Documents from Bureau of Land Management Reflect Intent of BLM for Wild Horses in Holding Facilities & on Public Lands
Quote from internal BLM document discussing euthanasia of wild horses:
“Increased support from public relations and management staff would also be needed to insulate those doing the actual work from the public, media and Congressional scrutiny/criticism.”
Phoenix, June 6, 2009
For Immediate Release
The Conquistador Program announced today that it has received material obtained under the Freedom of Information Act that indicates the Bureau of Land Management is continuing to plan for the euthanasia of a large number of wild horses now in long-term and short-term holding facilities across the United States and for direct sale authority for many more. Notes of conference calls extending from July 22, 2008 through September 23, 2008 by a six-member implementation team and a draft Alternative Management Plan document demonstrate that several options are being planned. Among the options are:
Euthanasia of animals for which an adoption or sale demand does not exist (The section addressing euthanasia also includes the following statement, “Increased support from public relations and management staff would also be needed to insulate those doing the actual work from the public, media and Congressional scrutiny/criticism.” The section also includes a discussion on psychological counseling for those involved in the destruction and disposal of the bodies because it will be so stressful).
Direct sale of animals who have not been adopted after three attempts with no restrictions on the buyer. (This would allow for the purchase of horses by killer buyers for sale to slaughter).

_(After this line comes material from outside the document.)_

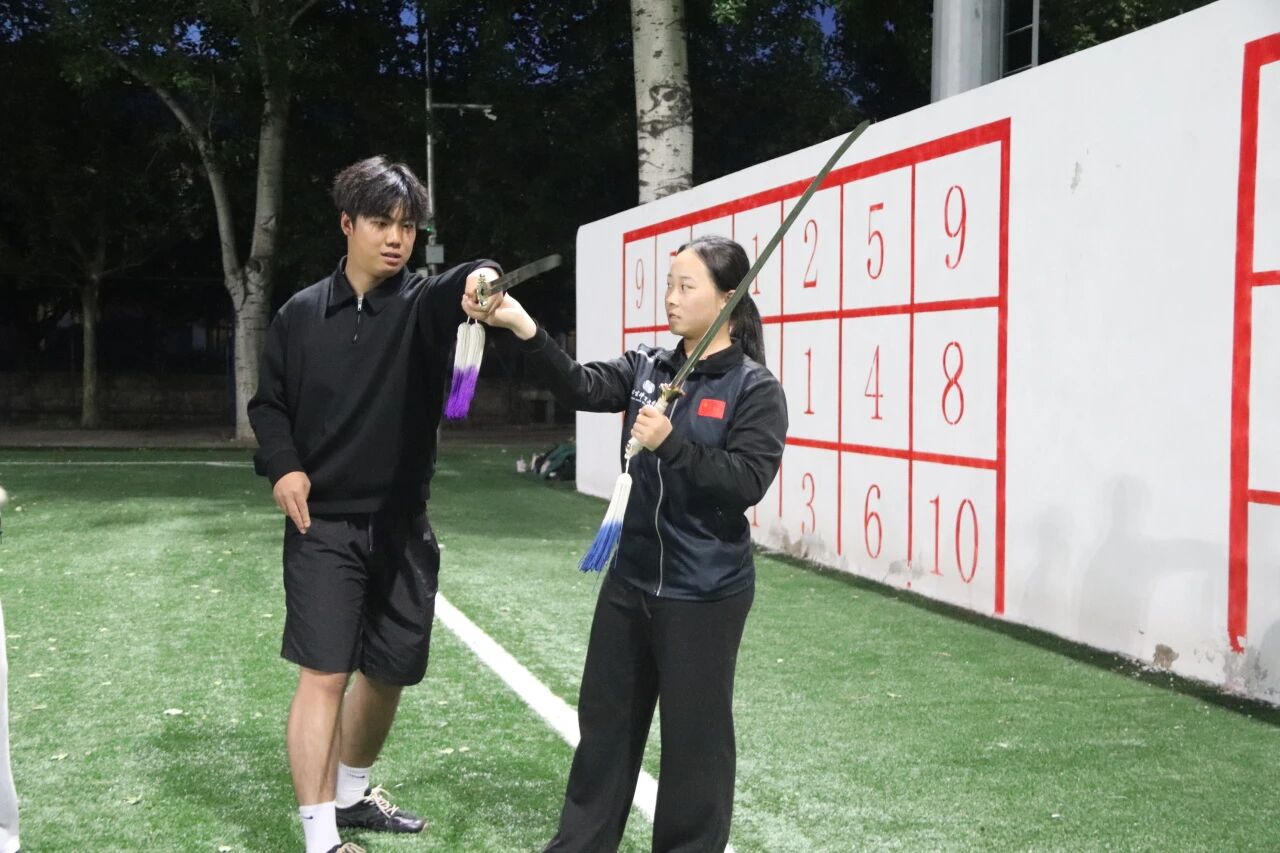 b3293f64cbb74599bc491f0f786152f1.jpg eSports电竞数据网提供专业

Direct sale of horses eleven years and older with no restrictions on the buyer. (This option also would allow for the purchase of horses by killer buyers for sale to slaughter).

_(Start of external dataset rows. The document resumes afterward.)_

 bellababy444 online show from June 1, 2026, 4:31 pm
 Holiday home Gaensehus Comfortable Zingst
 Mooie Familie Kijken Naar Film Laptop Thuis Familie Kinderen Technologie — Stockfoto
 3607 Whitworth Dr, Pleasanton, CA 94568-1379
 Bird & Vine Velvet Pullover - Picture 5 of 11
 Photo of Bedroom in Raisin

Direct sale of horses of all ages with no restrictions on the buyer. (This option also would allow for the purchase of horses by killer buyers for sale to slaughter).
Spaying mares and returning them to the wild. (This option holds the risk of a minimum 10% mortality rate to the mares. The statistic is provided by a BLM staffer based on data from the spaying of 30 mares by the United States Fish and Wildlife Service at Sheldon Refuge in Nevada ).

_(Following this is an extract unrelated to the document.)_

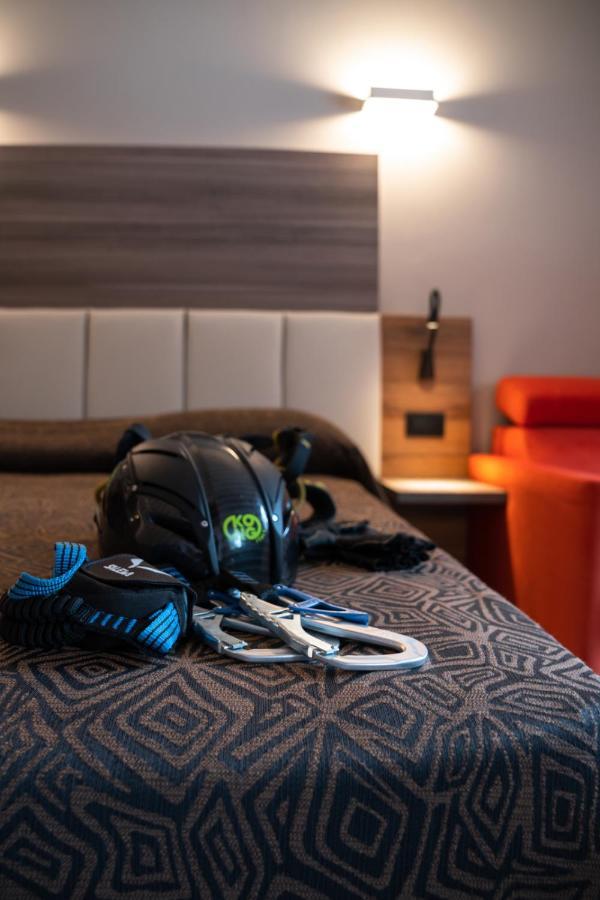 Hotel Ciclamino ピエトラムラタ エクステリア 写真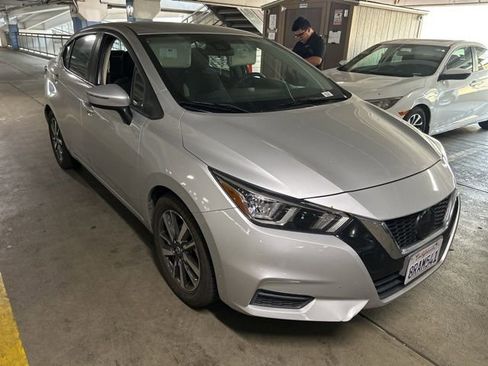 Used 2020 Nissan Versa SV image 2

Adjusting the ratio of stallions to mares and reducing the ratio to 50:50 thus increasing the number of stallions. (This section includes a discussion indicating that information from the 80’s suggests that the mares and stallions should be allowed to adjust to their natural numbers but BLM thinks 50:50. The section also includes a discussion of whether changing sex ratios would affect behavior including a statement, “Do we care?”).
The documents also contain information included below related to euthanasia of wild horses in their custody:
BLM discussed ways to circumvent the federal carcass disposal law, 43 CFR 4730.2, that prohibits them from paying any agency or individual for burial, burning, incinerating, composting carcasses and paying for disposing of remains. BLM explored paying for carcass disposal through rendering by contract.
As one alternative, the BLM has been in discussion with slaughter businesses from Denmark and Canada to take 10,000 wild horses for slaughter.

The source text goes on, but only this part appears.